EXERCISE BRIEF
The task requires repeating, word for word, the lines from the one with "YOL KENARINDAKİ OTLUK" through the end of the material, leaving out all pictures.

DATA EXTRACT

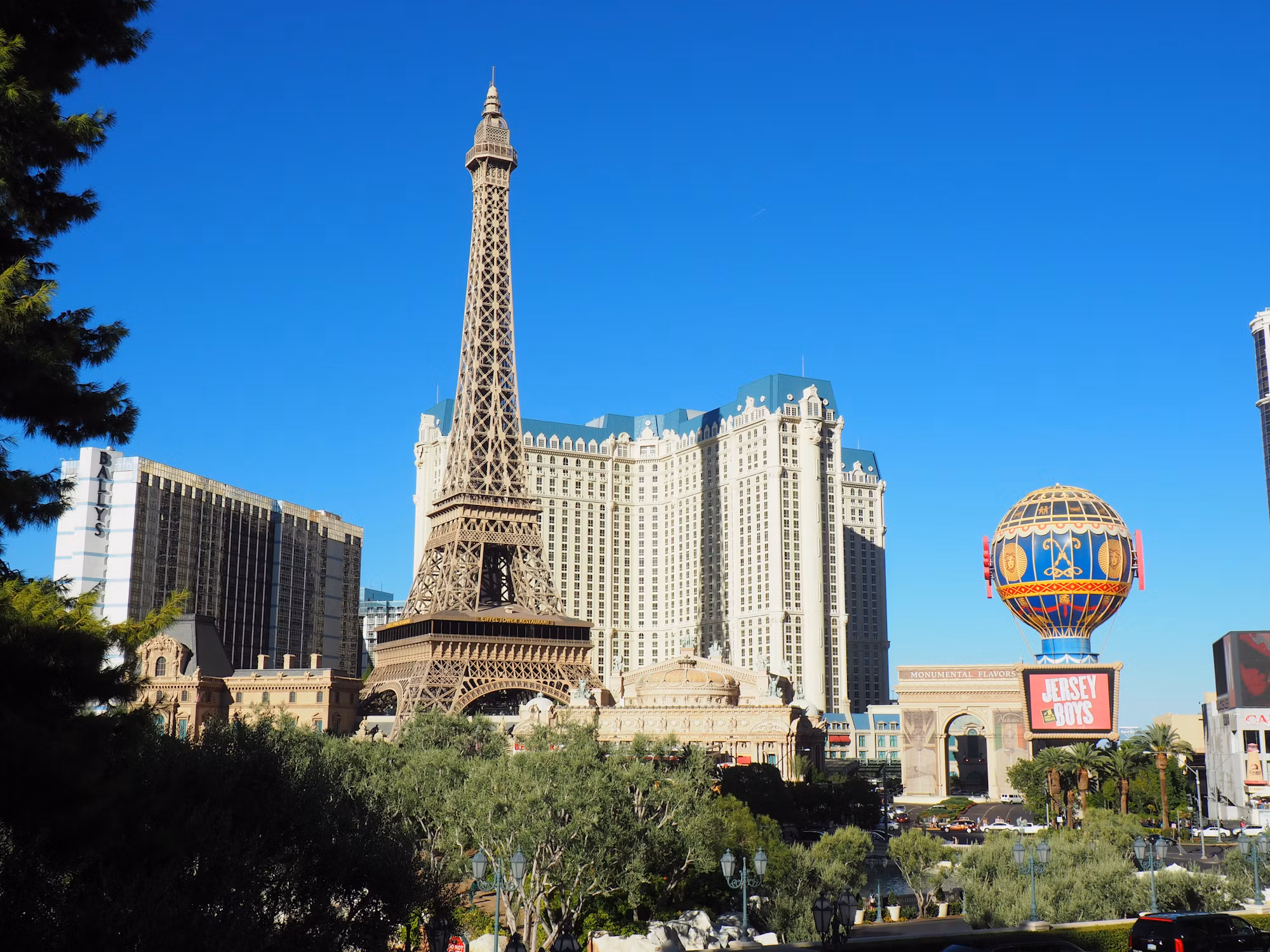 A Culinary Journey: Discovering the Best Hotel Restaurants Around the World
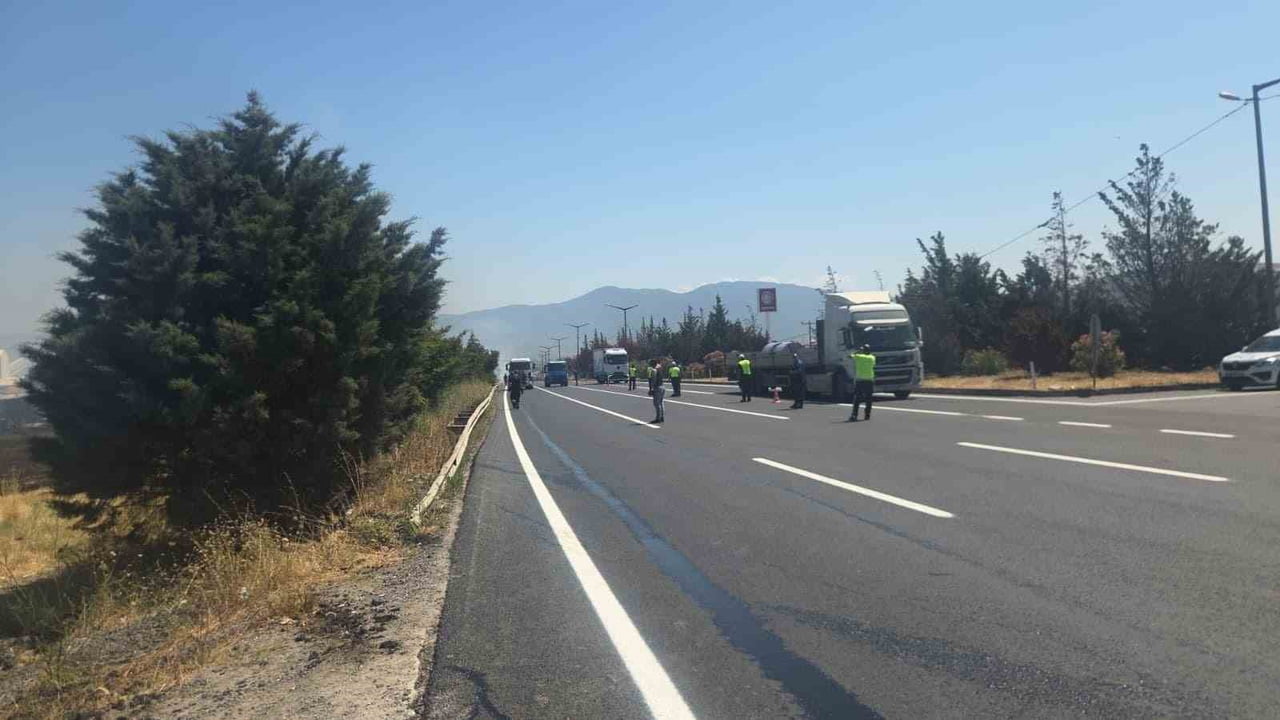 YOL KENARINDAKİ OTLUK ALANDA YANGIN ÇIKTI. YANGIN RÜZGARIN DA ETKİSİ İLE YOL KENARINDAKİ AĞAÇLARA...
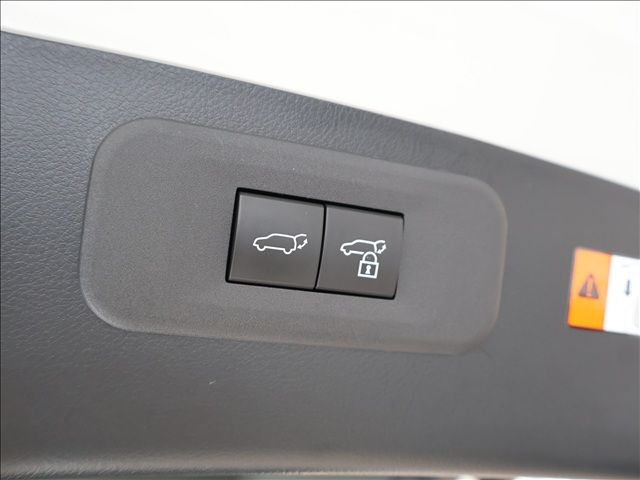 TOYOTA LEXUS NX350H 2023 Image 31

ANSWER SPACE
 YOL KENARINDAKİ OTLUK ALANDA YANGIN ÇIKTI. YANGIN RÜZGARIN DA ETKİSİ İLE YOL KENARINDAKİ AĞAÇLARA...
 TOYOTA LEXUS NX350H 2023 Image 31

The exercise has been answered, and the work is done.